Нет, ногам положительно нет места. Оттого, что согнуты всю ночь, не чувствую их утром. Тюрину перевели в больницу. Крепкая старуха, она и в сильном жару не сдается. Отказалась от помощи, шла сама, шла гордо, хоть и неохотно. Не хотела уходить, у нее, вероятно, сыпной тиф.
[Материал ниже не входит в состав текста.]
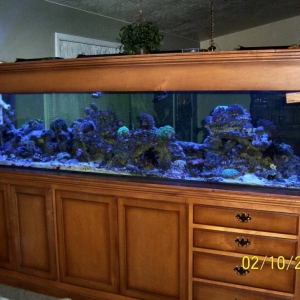 Our little tank room divider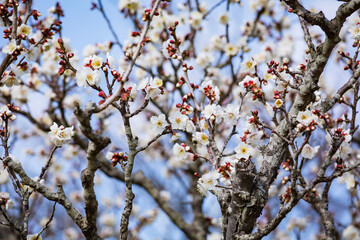 吉野公園の白梅の花	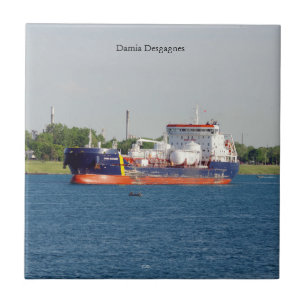 Damia Desgagnes tile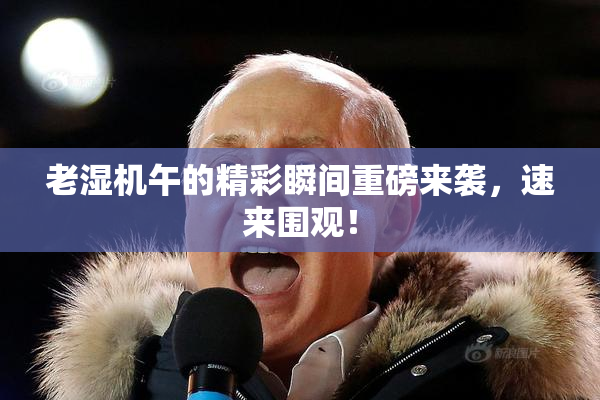 老湿机午的精彩瞬间重磅来袭，速来围观！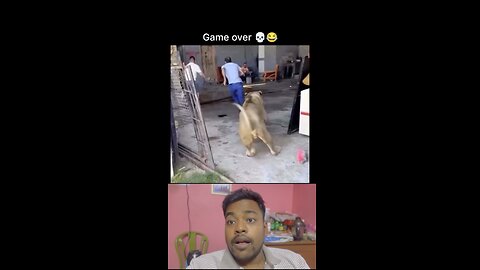 Lion Attacks in Home and Two men Running 😆😆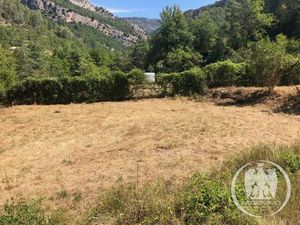 Achat Terrain 73 209m² CUEBRIS 06910
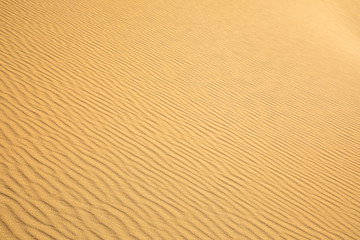 Fine sand texture - Sandy sunny beach for background - Top view - Full frame shot - Close-up sun sand texture on beach in summer – desert dune golden yellow - travel holiday vacation Close up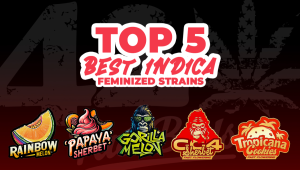 Top 5 Best Ind Fem Seeds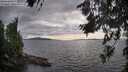 ./images/koeye/fitz-hugh/20260712/fitz-hugh20260712_181001M.jpg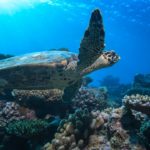 Tortuga marina maldiva flotando sobre los arrecifes de coral ©Shutterstock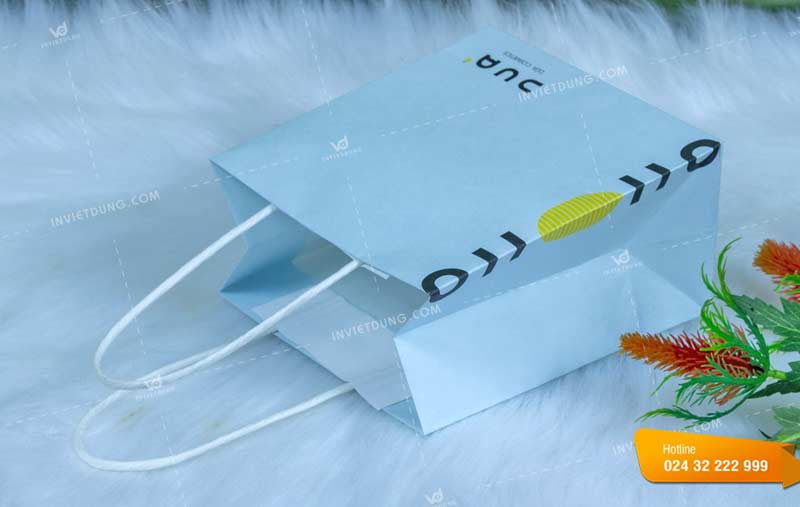 Mẫu túi giấy cao cấp đựng trang sức do In Việt Dũng thiết kế và in ấn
На койку легла теперь я; протянула, наконец, ноги — очень уж болят. Ночь прошла тревожно. Удручает неизвестность. Дни уходят. Кика, больной, еще в тюрьме. Всю ночь видела, что кто-то умирает возле меня, но не знала кто. Просыпалась с бьющимся сердцем. А под окном выстрелы как бы нарочно не прекращались. И-на необыкновенно желта. Мы все вдруг осунулись.
Валя живет любовью и записками. Она рада быть во втором этаже. Отсюда можно наблюдать (если выйти в коридор) мужской двор. Правда, мужа она еще не видала, но может случиться, что увидит. Это ее поддерживает. Даже цветущая Мария Павловна поддалась. Двойра рассказывает о «трех ребенках» и обливается слезами.
Почему-то, глядя на нее, вспоминаю слова из Библии: «Рахиль плачет о детях своих и не может утешиться». И-на и Валя все время стирают; от развешанного белья еще теснее.